* [TASK PROMPT]: In the entries below, begin at the line that has "Vintage Limited Edition" and stop after the line that has "Even if you"; output those lines exactly, leaving out pictures.

* [SUPPLIED ENTRIES]:
>>>

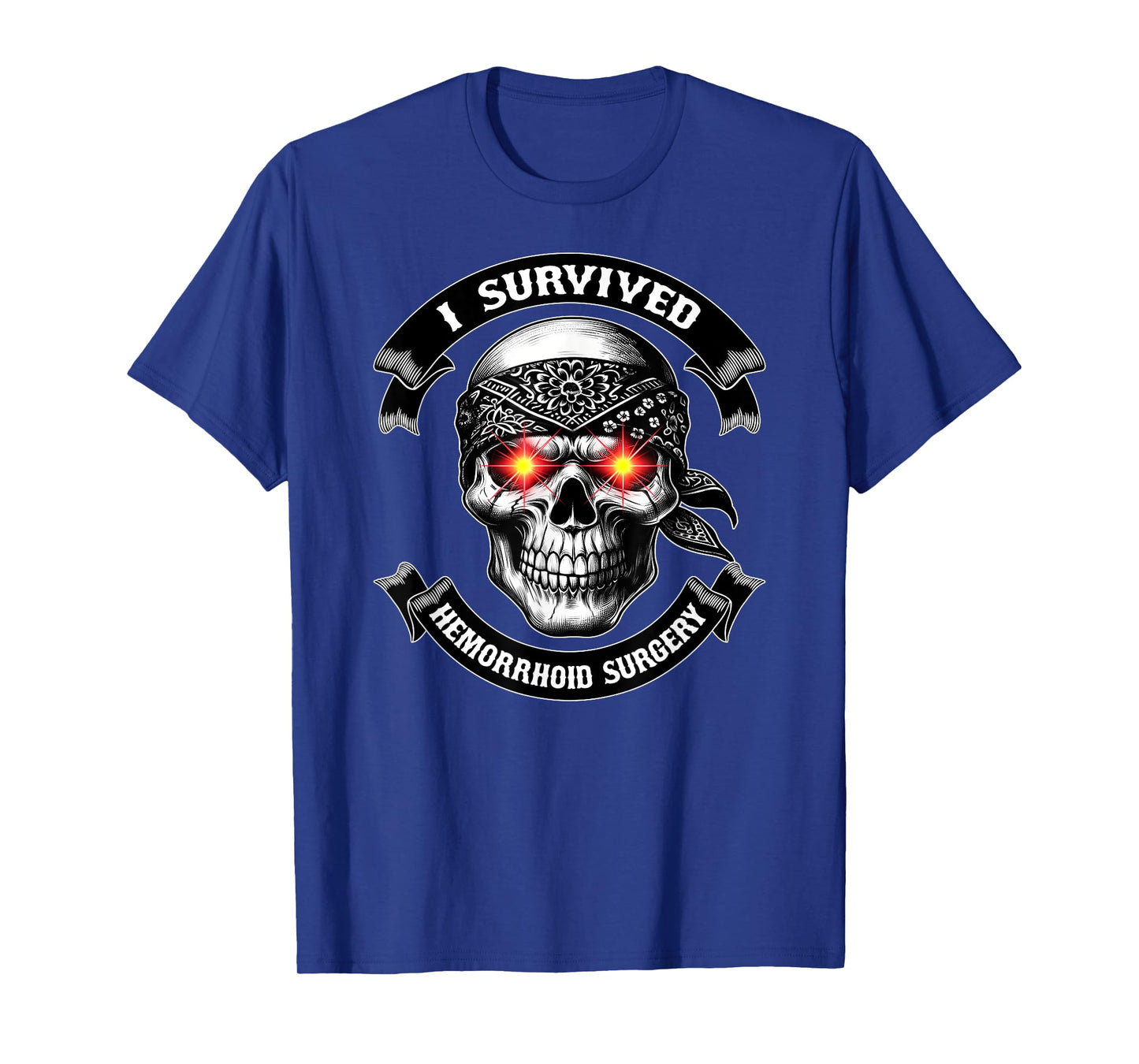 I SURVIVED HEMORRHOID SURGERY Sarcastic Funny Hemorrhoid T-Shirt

<<<
>>>

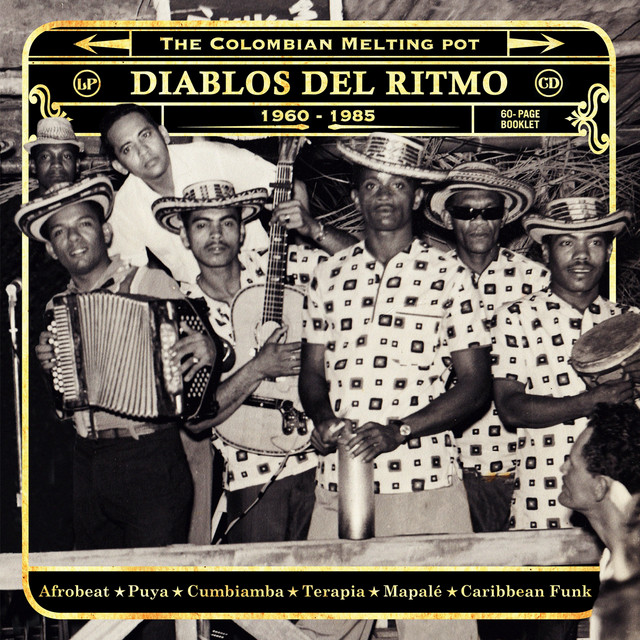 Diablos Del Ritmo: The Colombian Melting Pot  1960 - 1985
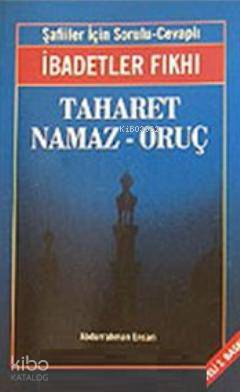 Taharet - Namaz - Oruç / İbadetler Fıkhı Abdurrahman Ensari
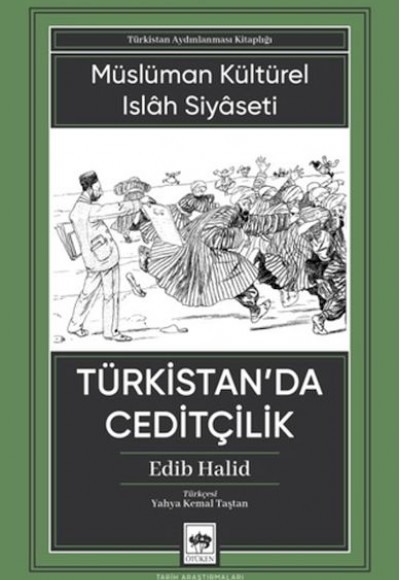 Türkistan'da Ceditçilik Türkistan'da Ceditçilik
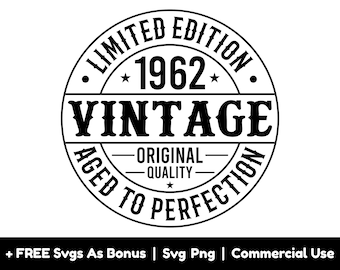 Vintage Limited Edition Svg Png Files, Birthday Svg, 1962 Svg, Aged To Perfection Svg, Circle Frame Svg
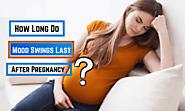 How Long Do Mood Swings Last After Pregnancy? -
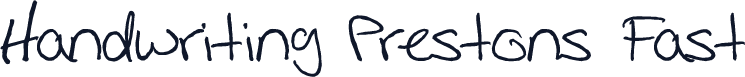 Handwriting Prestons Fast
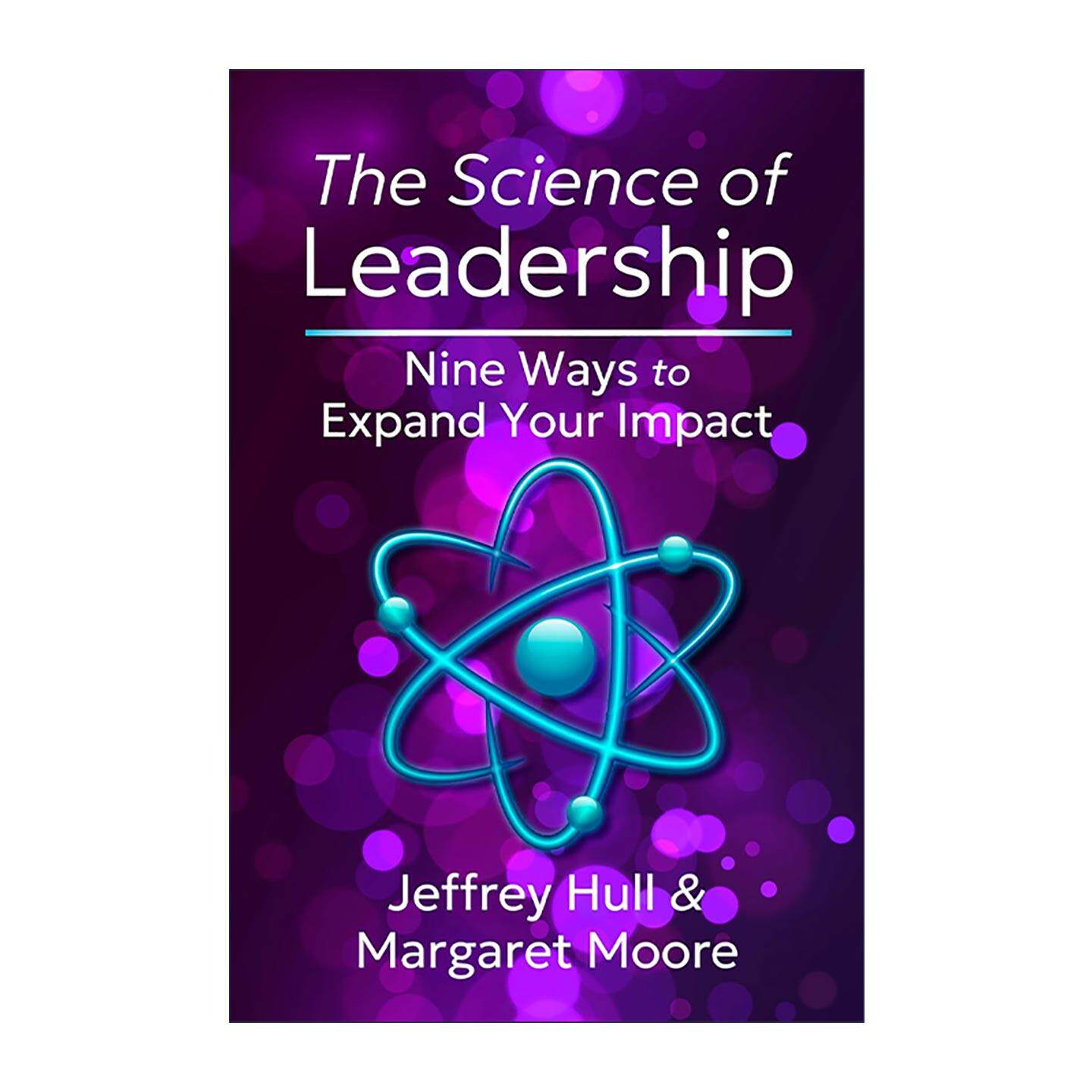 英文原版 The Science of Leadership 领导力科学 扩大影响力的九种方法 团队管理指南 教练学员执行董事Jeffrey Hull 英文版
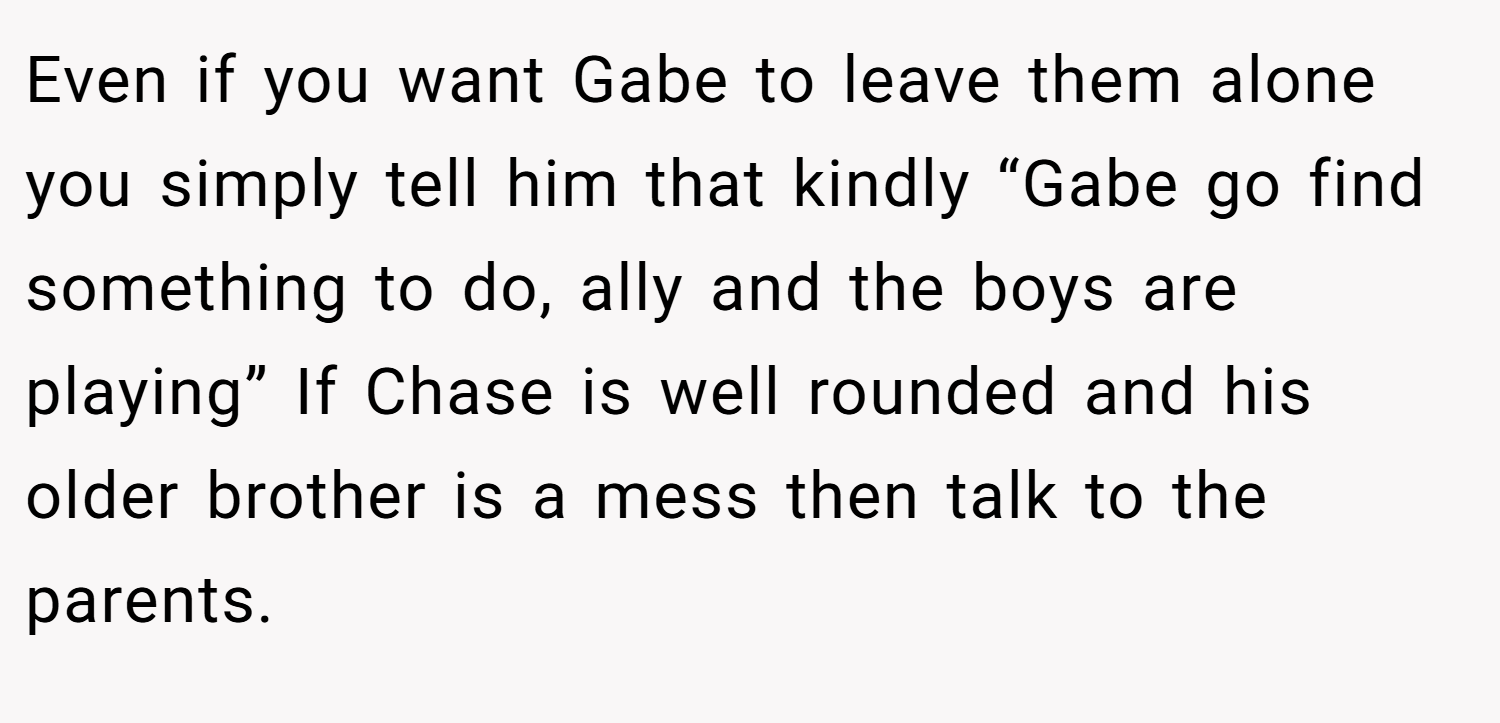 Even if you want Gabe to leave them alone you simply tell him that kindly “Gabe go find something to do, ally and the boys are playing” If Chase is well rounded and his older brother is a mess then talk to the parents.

<<<

* [EXERCISE SOLUTION]:
 Vintage Limited Edition Svg Png Files, Birthday Svg, 1962 Svg, Aged To Perfection Svg, Circle Frame Svg
 How Long Do Mood Swings Last After Pregnancy? -
 Handwriting Prestons Fast
 英文原版 The Science of Leadership 领导力科学 扩大影响力的九种方法 团队管理指南 教练学员执行董事Jeffrey Hull 英文版
 Even if you want Gabe to leave them alone you simply tell him that kindly “Gabe go find something to do, ally and the boys are playing” If Chase is well rounded and his older brother is a mess then talk to the parents.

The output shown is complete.